In Pivot a table: GAMS, SQLite, R and Python we described a pivoting operation on a small example. In the comments it was mentioned that for larger tables or dataframes, especially tydir is very fast. Here we try to confirm this using an artificial example:
Below we time each step (see here for more information).

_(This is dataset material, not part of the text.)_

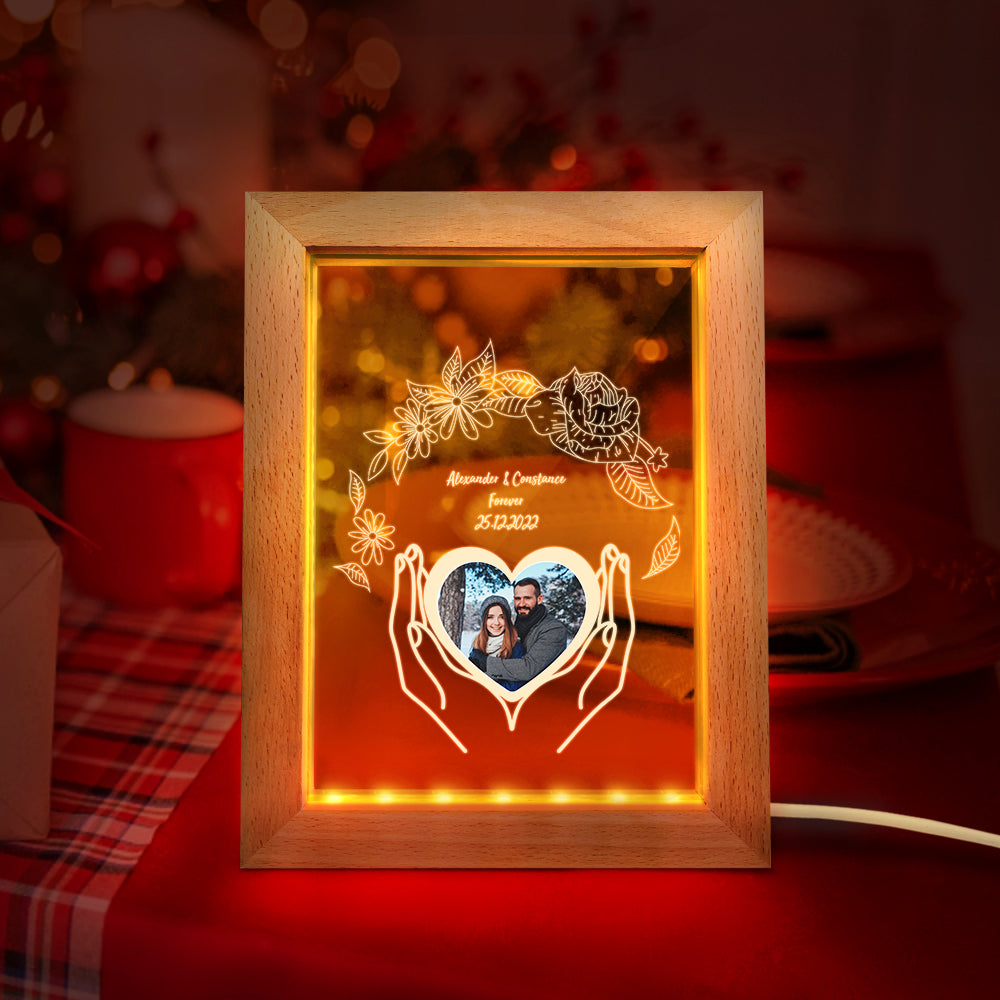 3D Flower Wooden Frame Lamp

GAMS Step | Code | Time (seconds) |
GAMS populate a 2D parameter with 1 million entries | set i /i1*i100000/ j /j1*j10/ ; parameter p(i,j); p(i,j) = uniform(0,1); | 0.4 |
Write a GDX file | execute_unload'x.gdx'; | 0.3 |
Store in SQLite database | execute'gdx2sqlite -i x.gdx -o x.db -fast'; | 5 |
R Step | Code | Time (seconds) |
Read database table | df1<-dbGetQuery(db,"select * from p") | 2 |
Pivot using SQL | df2<- dbGetQuery(db,"select tj1.i as i, tj1.value as j1, tj2.value as j2, | 50 |
Pivot using SQL after creating indices on columns i and j | id | 15 |
Pivot using reshape2/dcast | df2<-dcast(df1,i~j,value.var="value") | 2 |
Pivot using tydir/spread | df2<-spread(df1,j,value) | 2 |
Python Step | Code | Time (seconds) |
pandas/pivot | df2=df1.pivot(index='i',columns='j',values='value') | 2 |
Conclusion
The methods that work on in-memory datastructures are faster than SQL (and there is much less typing needed).